[Stored records]
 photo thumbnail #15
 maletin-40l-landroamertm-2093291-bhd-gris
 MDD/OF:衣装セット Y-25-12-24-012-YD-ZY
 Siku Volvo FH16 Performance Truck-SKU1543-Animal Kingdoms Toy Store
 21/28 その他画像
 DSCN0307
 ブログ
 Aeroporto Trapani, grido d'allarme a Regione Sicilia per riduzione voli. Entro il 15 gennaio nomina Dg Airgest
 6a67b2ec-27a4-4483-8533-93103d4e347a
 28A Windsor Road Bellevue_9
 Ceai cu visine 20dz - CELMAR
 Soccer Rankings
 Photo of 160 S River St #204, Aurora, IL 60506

--

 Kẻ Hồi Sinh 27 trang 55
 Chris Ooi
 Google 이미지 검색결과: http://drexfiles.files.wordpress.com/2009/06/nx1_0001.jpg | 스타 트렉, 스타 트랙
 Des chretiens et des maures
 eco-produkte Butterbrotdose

• Brief:
The lines to extract from the data above begin with the line containing "21/28 その他画像" and end with the line containing "Photo of 160". Extract them exactly, including both.

• Answer area:
 21/28 その他画像
 DSCN0307
 ブログ
 Aeroporto Trapani, grido d'allarme a Regione Sicilia per riduzione voli. Entro il 15 gennaio nomina Dg Airgest
 6a67b2ec-27a4-4483-8533-93103d4e347a
 28A Windsor Road Bellevue_9
 Ceai cu visine 20dz - CELMAR
 Soccer Rankings
 Photo of 160 S River St #204, Aurora, IL 60506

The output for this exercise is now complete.